サウナ後の水風呂。誰が一番長く耐えられるかという、大人のすることとは思えない幼稚な競争が始まった。肌に張り付く水の表面張力が、限界まで張り詰めた瞬間に、誰かが「もう無理!」と情けない叫び声を上げて脱出した。その絶叫が、最高のBGMとなって響いた。
窓の外に広がる定山渓の深い谷。しんしんと雪が降り積もり、世界が純白に塗りつぶされていく。あらゆる音が雪に吸い込まれていくような、圧倒的な静寂。そこには、言葉にする必要のない、心地よい空白が広がっていた。
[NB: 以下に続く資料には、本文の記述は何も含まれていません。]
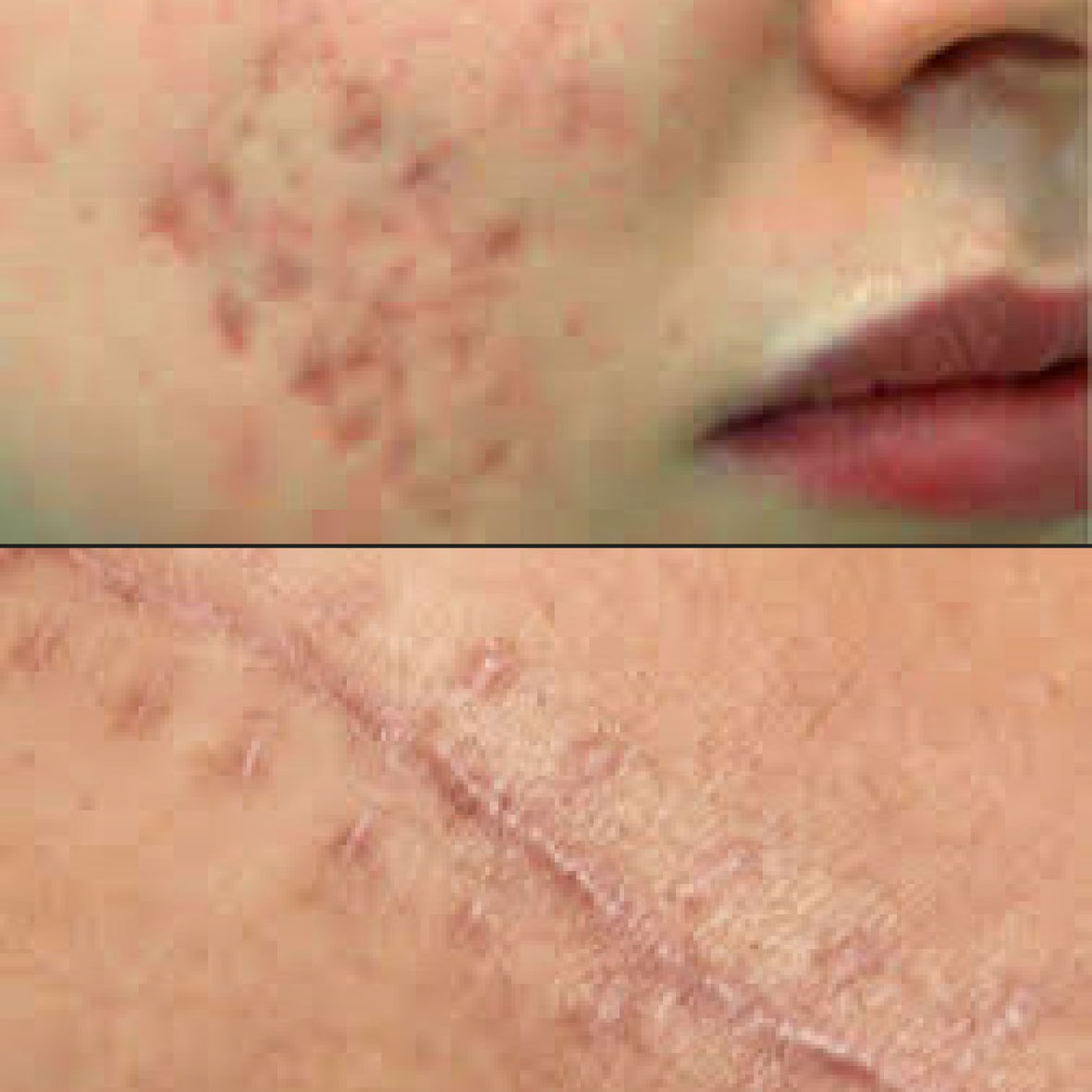 Cicatrices d'acné ou chirurgicales sont traitées avec le laser Secret Pro.Florence MAGAND-NOWAK Dermatologue-Annecy 74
定山渓万世閣ホテルミリオーネの展望風呂付洋室に身を委ねる。リネンのひんやりした感触が、温泉で火照った肌に心地いい。深夜、消灯した部屋でトイレまで歩くわずか数歩の距離が、まるで静まり返った宇宙を漂っているかのように遠く感じられた。
初詣の帰り道、凍りついた枝に小さな梅の花を見つけた。1月の厳しい寒さの中で、しがみつくように咲いている。その不器用なまでの強さに、なんだか僕たちの旅のあり方が重なって見えて、冷えた胸の奥が少しだけ熱くなった。
ロビーに戻った瞬間、ぬくぬくとした温かい空気が皮膚を優しく包み込んだ。凍えて感覚のなかった指先が、ゆっくりと解けていく。完璧ではないからこそ、誰かの隣にいる体温が、こんなにも贅沢な救いに感じられるのだと思う。
湯気の向こう側で、誰かが笑っていた。
- サウナ後の外気浴はマジで飛ぶから、絶対に体験してほしい。
- 朝食の地元のミルク、濃厚すぎて衝撃的だからぜひ飲んでみて。